In the film’s opening segment, Babu is a man with no origin or destination. He murders with abandon, beds prostitutes and whiles away time by listening to old Bollywood songs. Babu is floating with no real joy or purpose, until he falls in love with a cobbler called Phulwa (Bidita Bag). Babu murders for Phulwa; she’s impressed and the two move in together. Babu finally finds something he was devoid of: joy. He finds purpose when he meets Banke Bihari (Jatin Goswami), an upstart contract killer, who considers Babu his idol. Both Banke and Babu have been contracted to bump off three men in a sleepy Uttar Pradesh town (which remains unnamed in this movie). Banke and Babu strike a bet: they’ll both try to murder the three men and the one who wins, collects the money for all the killings; the loser, on the other hand, would quit the profession.

It’s a fairly engaging premise, but one that, unfortunately, takes some time to come to the fore. However, the main problem with Babumoshai Bandookbaaz, at least in its pre-interval portion, is that it’s largely thin on plot. That wouldn’t have been a deal breaker in itself, if its central characters – Babu and Banke – were well written. Babu, in particular, the film’s centrepiece, is largely opaque. Given that he’s a killer, his actions, for the most part, do the talking for him, but they are mostly monotonous – a blend of malevolence and superficial swagger – lending limited insight into his psyche. The same goes for Banke. On one hand, the film doesn’t unfold as a character examination of these two rogues and on the other, it doesn’t have a meaty enough plot to keep you hooked.

Having said that, Babumoshai Bandookbaaz’s first half is not without its merits. Goswami, who hasn’t appeared in a lot of mainstream films, shows considerable screen presence. He and Siddiqui share pleasant chemistry, elevating even mundane scenes to an enjoyable concoction of dark humour. The filmmaker, Kushan Nandy, has a keen eye for the absurd, and he uses that to the film’s advantage in quite a few scenes. One bit, in particular, stands out, where Banke is envious of Babu’s earnings per killing, saying he’s been working for five years and his pay has only increased from Rs 5,000 to Rs 8,000. Babu, in comparison, earns considerably more: Rs 20,000 per head. (As a freelance writer, I found that scene darkly comic in more ways than one). Besides, the film’s first half ends on an intriguing cliffhanger, introducing a twist that keeps you invested.

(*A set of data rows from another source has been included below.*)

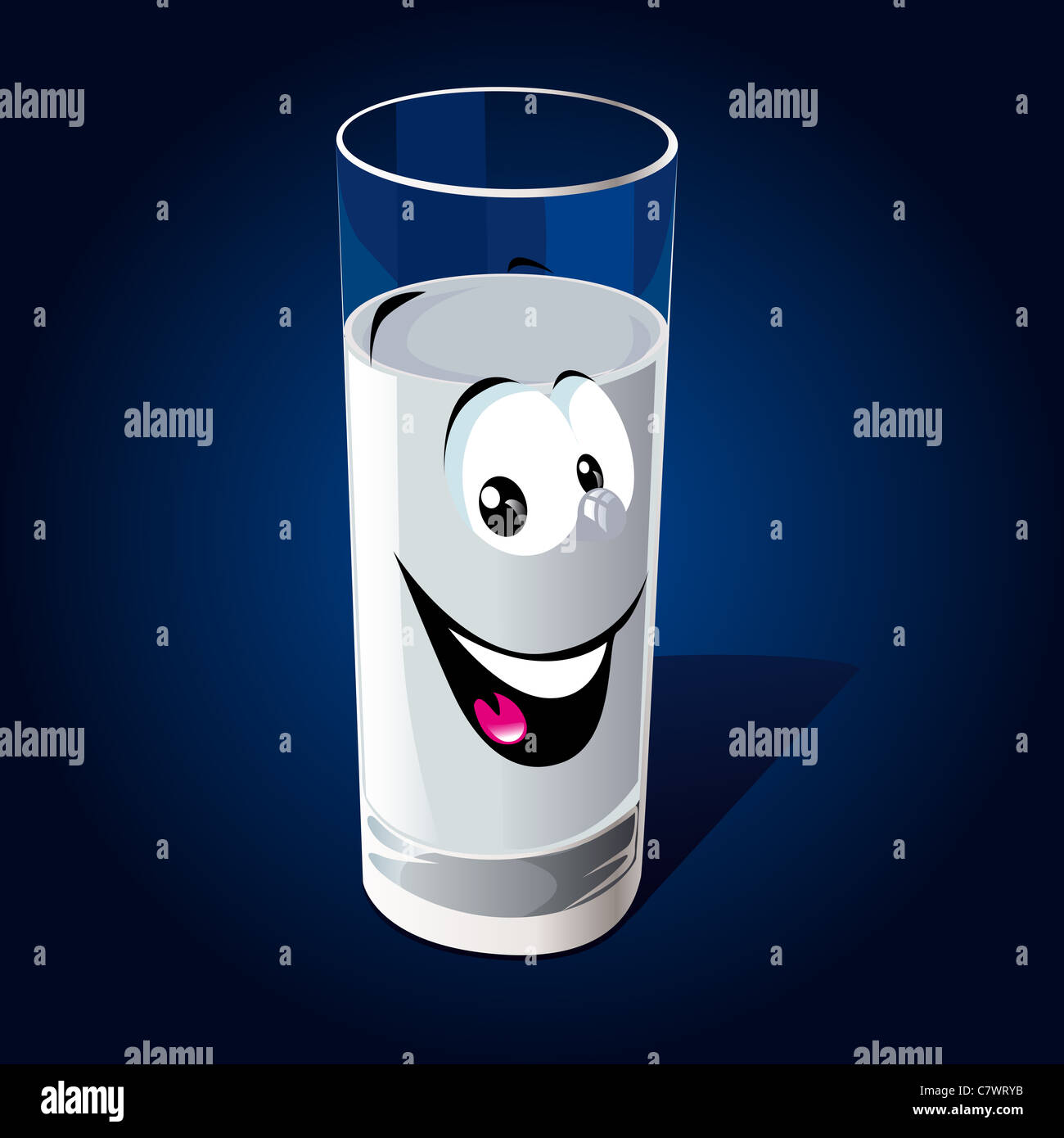 Bicchiere di latte cartoon Foto Stock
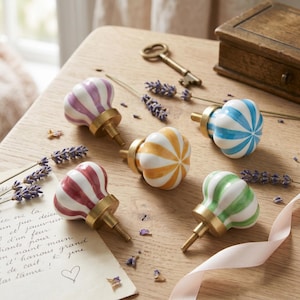 Colorful Ceramic Cabinet Knobs Set Hand Painted Drawer Pulls Vintage Dresser Knobs Farmhouse Furniture Hardware Kitchen Cupboard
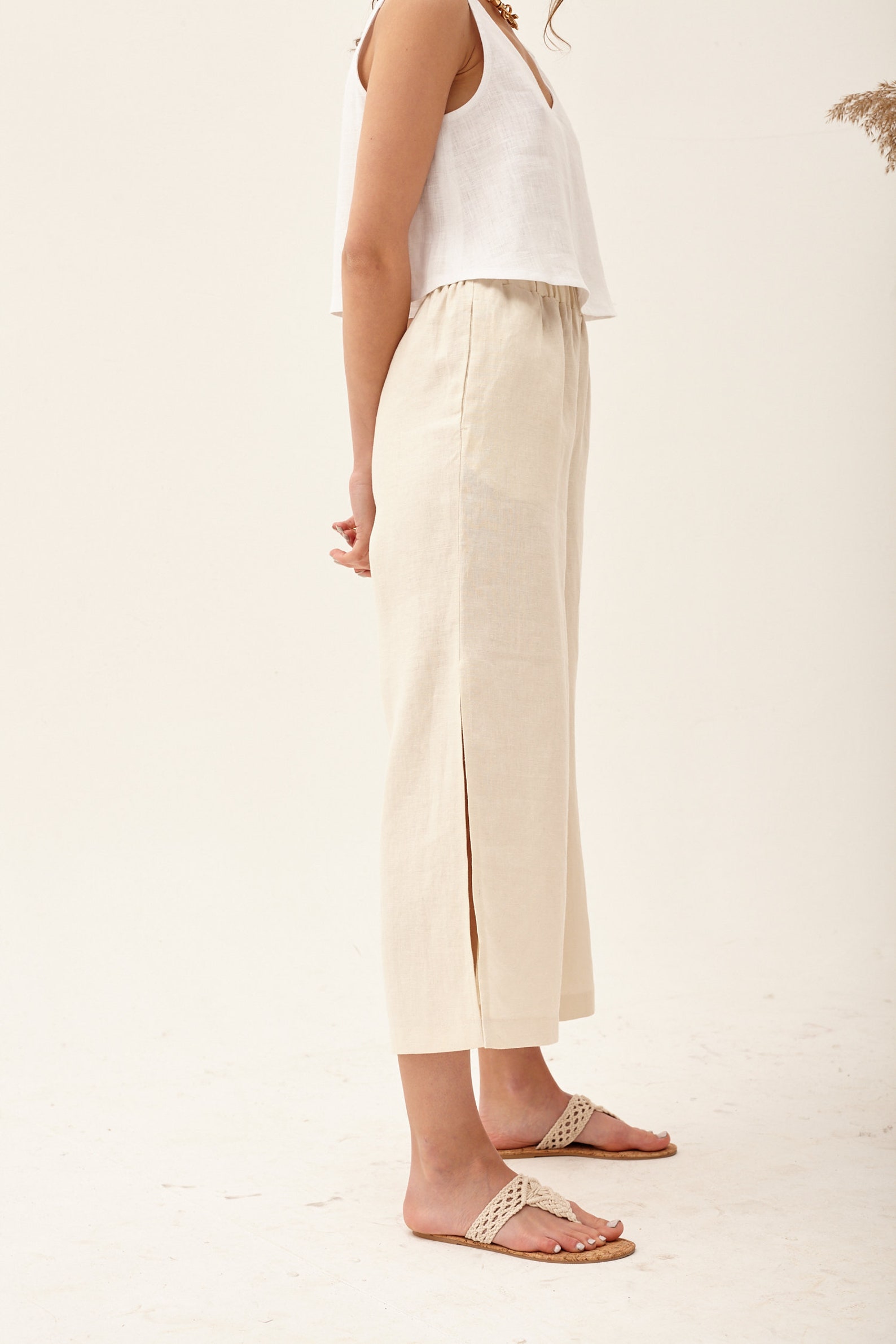 Beige Flowy Pants High Waisted Pants Gaucho Pants Palazzo | Etsy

It’s mostly downhill, however, right from the first minute of its second half. We soon find out that that twist makes little sense (and what’s worse, no effort is made to clear our confusion about it, or explain the incredible leap of logic at play here). And so, what could have been a quirky crime drama soon regresses to a generic vengeance saga. Siddiqui’s Babu remains opaque as ever, even after undergoing a remarkable transformation, giving us little to care about him. Even the film’s peripheral characters – essayed by assured performers (Divya Dutta, Anil George, Bhagwan Tiwari) – are largely wasted, subservient as they are to its lead (barring a terrific exchange between Dutta and Tiwari in the climax). There are scenes that pander to the audiences, instead of staying true to the story (for instance, it’s hard to believe that a cop would answer his phone during an intense shootout). Based on a familiar motif, the futility of crime, Babumoshai Bandookbaaz does try to rise above its limitations (thematically, its entire second half is a counterpoint to its first), but it’s too inconsistent and jaded for its own good.